Ecclestone's $US100m offer ends trial

7:40 am on 6 August 2014

A German court has dropped bribery charges against Formula One boss Bernie Ecclestone and ruled he can make a controversial $US100 million payment to settle the case.

In a move that is likely to see him stay at the helm of the lucrative sport, the 83-year-old Briton struck an accord with prosecutors on the record payment which then got the Munich tribunal's blessing, AFP reports.

Bernie Ecclestone leaving the courtroom in Munich, Germany.

Bernie Ecclestone leaving the courtroom in Munich, Germany. Photo: AFP

The businessman has a fortune estimated at $US4.2 billion, according to Forbes magazine, making him one of the richest 400 people in the world.

Presiding judge Peter Noll said $US99 million of Ecclestone's payment would go to the Bavarian state coffers and $US1 million would be donated to a child hospice foundation.

The accord is believed to be the largest of its kind in German history.

The magnate went on trial in the southern city of Munich in April on charges of paying a $US44 million bribe to a Bavarian state bank executive for help in maintaining his four-decade grip on Formula One.

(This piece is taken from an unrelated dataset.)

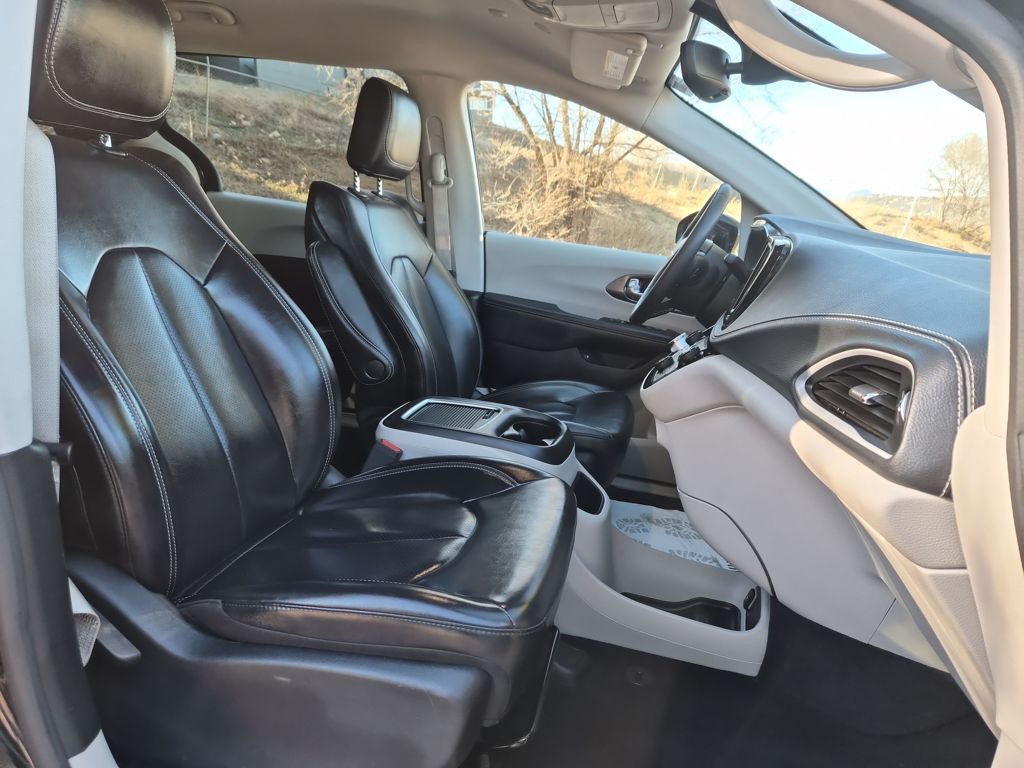 Used 2024 Chrysler Pacifica - photo 34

A settlement is allowed in German criminal cases if the prosecution, the aggrieved parties and the court agree, but the Ecclestone deal has stoked fierce criticism.

The judges based their decision on a determination that a conviction was "not particularly likely" given the evidence presented.

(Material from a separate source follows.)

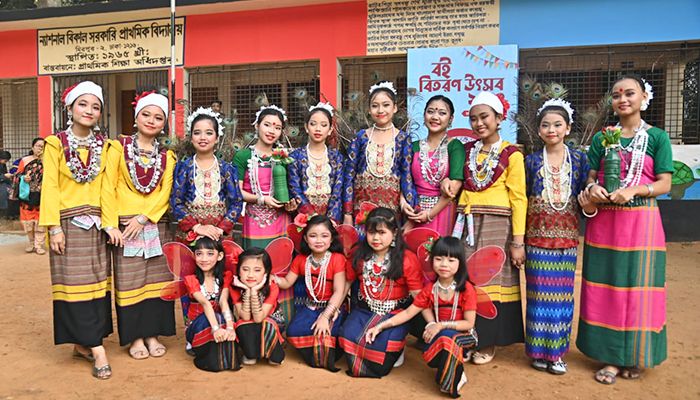 নতুন বইয়ের সুঘ্রাণে সুবাসিত  শৈশব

The court added in a statement that Mr Ecclestone's "advanced age, health condition, the significant burden of taking part in hearings in a foreign country and the subsequent language barrier as well as the public attention directed at him" were also decisive factors.

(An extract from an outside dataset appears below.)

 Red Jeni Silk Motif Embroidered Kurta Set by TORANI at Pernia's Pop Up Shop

Under the terms of the agreement, Mr Ecclestone will not have a criminal record and should be able to retain his control of the multi-billion-dollar Formula One empire.

News of the accord drew angry condemnation of a legal system some said gave special dispensation to the rich and famous.

However the businessman's lawyers hit out at accusations that he had orchestrated a "buying out" of German justice.

"This abandonment of the proceedings indicates that (based) on an unbiased, objective and independent assessment of the main proceedings after more than 100 hours of evidence" before the court, they said in a statement, "a conviction of Mr Ecclestone could not be expected with any likelihood".

The proceedings were scheduled to last at least until October.

The Formula One boss denied any wrongdoing but could have faced a jail term of up to 10 years if found guilty.